● **TRY IT**:
For this exercise, copy all the data exactly and include none of the pictures.

======== GIVEN INFORMATION

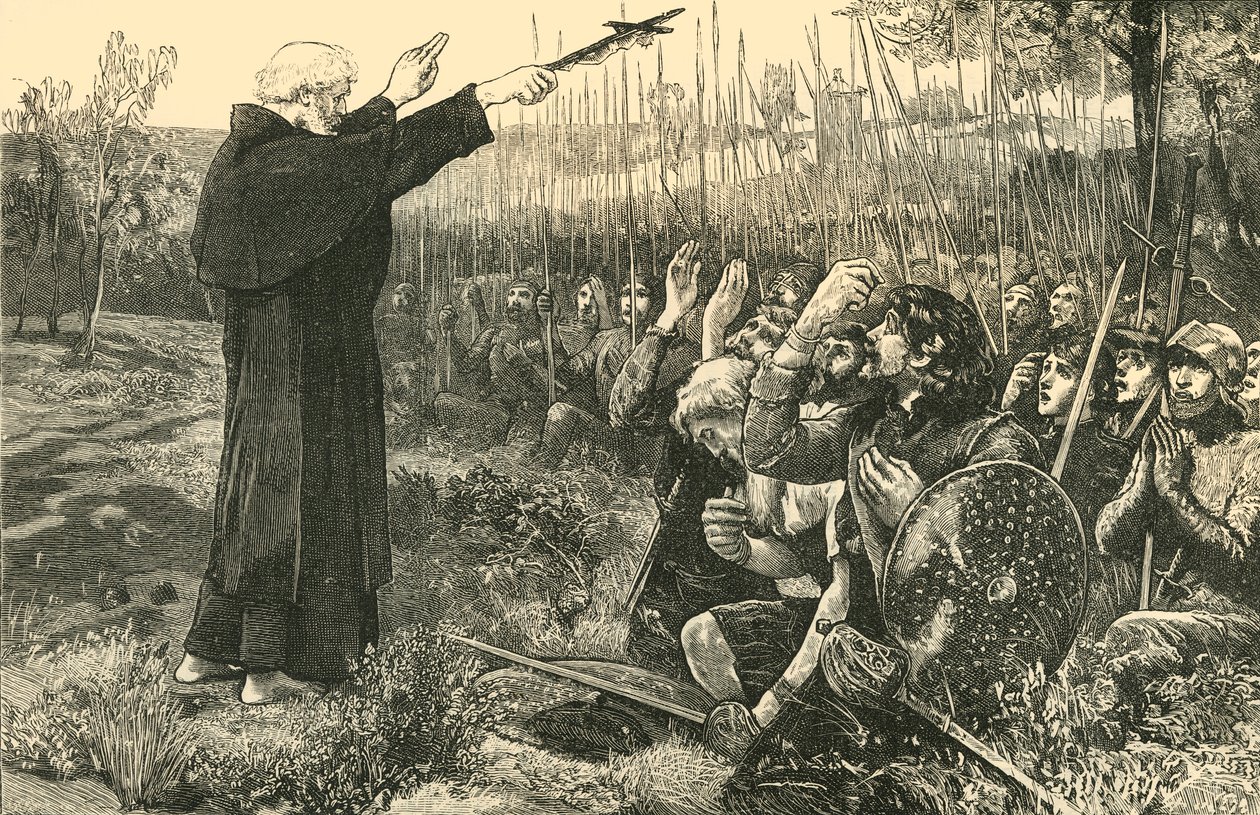 Bannockburn: The Abbot of Inchaffray Blessing The Scots Before The Battle, 1314, 1890. od Unbekannt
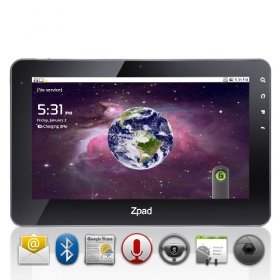 Malata Z Pad - 10.1 Inch Android 2.2 Dual Core Tablet with Capacitive Touchscreen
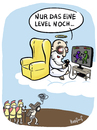 Cartoon: Level (small) by Hopfauf tagged level,jesus,gott,game,spielen,konsole,kreuzigung,kreuz,sucht,süchtig,religion,videospiele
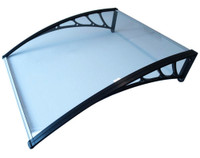 UV Transparent Protected Polycarbonate Awning Patio Canopy for Window Door 47 * 40 inch #190812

================

● **ANSWER AREA**:
 Bannockburn: The Abbot of Inchaffray Blessing The Scots Before The Battle, 1314, 1890. od Unbekannt
 Malata Z Pad - 10.1 Inch Android 2.2 Dual Core Tablet with Capacitive Touchscreen
 Cartoon: Level (small) by Hopfauf tagged level,jesus,gott,game,spielen,konsole,kreuzigung,kreuz,sucht,süchtig,religion,videospiele
 UV Transparent Protected Polycarbonate Awning Patio Canopy for Window Door 47 * 40 inch #190812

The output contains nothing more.